Hi Monica, Thanks for your thoughtful response.
About 1990, there was a popular documetary about MMT in the United States. I wish I could recall the author/documentary maker's name for you; maybe later some brain cells will kick in. But this fellow really explained the basis for MMT and how it effects us. The documentary did recieve some attention noteriety in its day. It was well done. Similar material is readily available on the interent for anyone to watch.
About 10 years back, I was having lunch with my work colleagues, most of whom were university educated. Somehow, the discussion led to the myth that when a bank gets a deposit, it loans that money out. I tried to explain that the bank loans about 10x that deposit out. I was ridiculed for making this claim about factoring. My colleagues either 1) didn't see the documentary, 2) didn't understand it, or 3) didn't believe it. If I could not get across factoring, they would not have understood the documentary.
MMT is a fairly difficult concept to grasp. I certainly have not mastered it. But the people really don't want to understand it, just because it is not easy to understand. So the myth persists.

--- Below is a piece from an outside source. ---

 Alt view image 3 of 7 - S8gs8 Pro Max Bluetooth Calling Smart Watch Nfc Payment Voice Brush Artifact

The point I'm trying to make is that the public has already had lots of exposure to MMT--and most citizens have chosen to ignore it. More education is not likely to produce the results we are looking for.

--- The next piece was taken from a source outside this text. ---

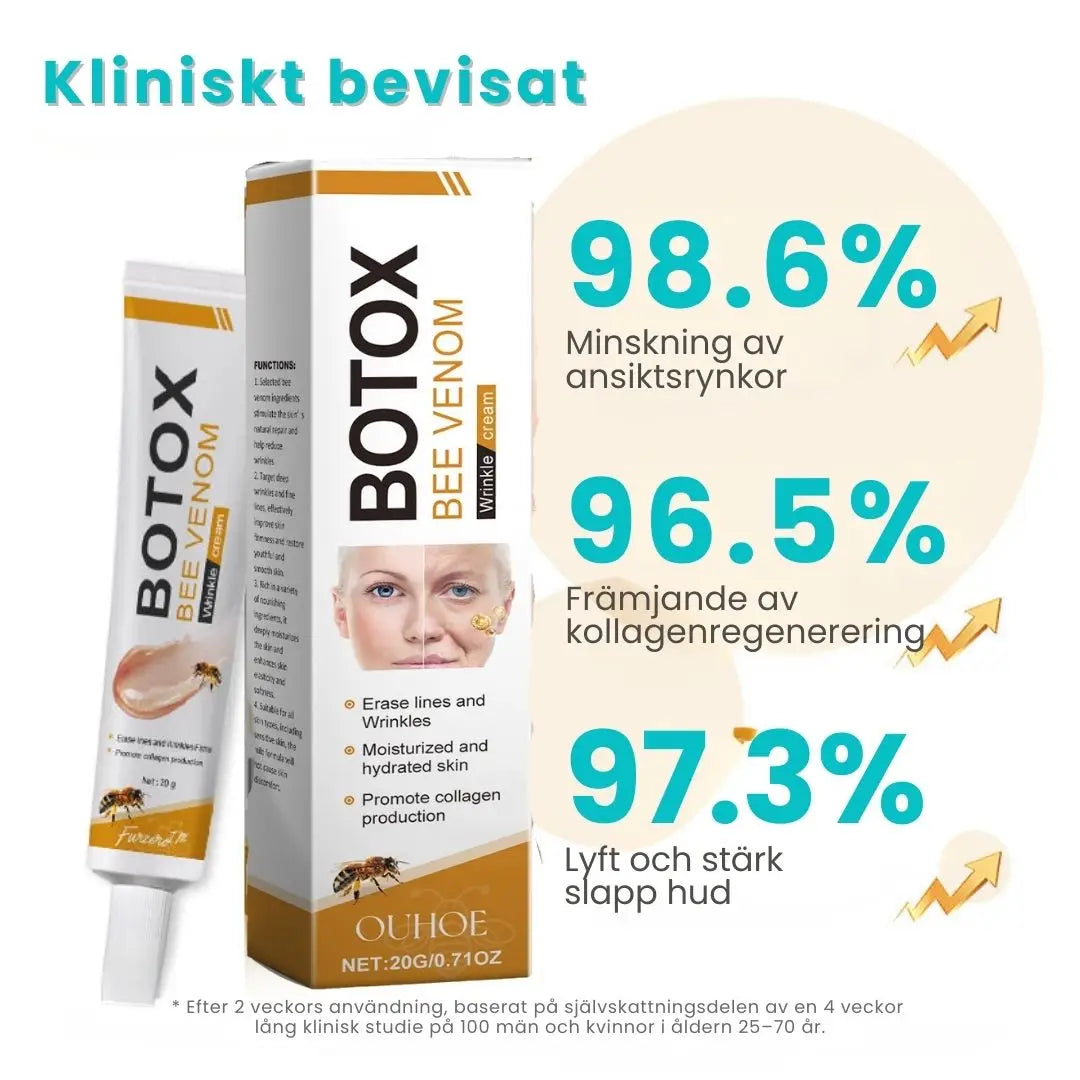 Anti-Wrinkle™ | 96% slätare hud på bara 14 dagar! DERMIQUE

I am currently reading a political science book about an "open democracy." It is interesting even though this is not my solution. The book talks about Iceland trying to make constitutional changes circa 2010, hopefully to prevent another disaster like its 2008 recession.
This Iceland story is confirming a hypothesis of mine. Much of the public wants to be apathetic of affairs of governance. They have jobs, families, social activities, and hobbies. Too many have minor or major mental illnesses to really deal with politics wisely.

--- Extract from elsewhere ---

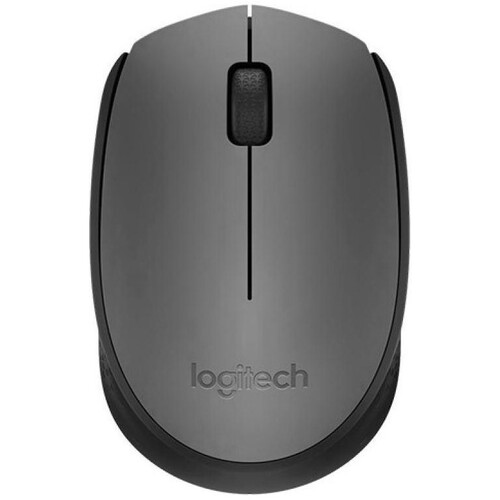 Купить Мышь беспроводная Logitech M170 [910-004642] серый  1047141. Характеристики, отзывы и цены в Донецке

The apathy is hard for political junkies to understand. Junkies believe that more citizens should be as engaged as they are. And this then leads to: "these citizens should be engaged in the same way I am engaged," which then leads to disunity in competing political thoughts.
I'm not hopeful that we can elevate the public to a reasonable understanding of all the issues of governance: MMT, COVID, supporting Ukraine, Uighers in China, math curriculum in elementary schools, whether Lincoln County should buy a new dumptruck, etc. etc. etc. etc. etc. --and then we come to a rightful understanding that somehow moves those overly ambitious people who aspire for public office into rightful action. There have been successes in this regard, but they are so few. We just can't move pubilc opinion on many issues--because all these issues are competing for the same spot of the public's mind.
We need a different system where we find competent people to govern. Then let them govern. If they make reasonably good decisions, free of corruption and grandstanding, many citizens will be content with this system--even if they don't like some of those decisions.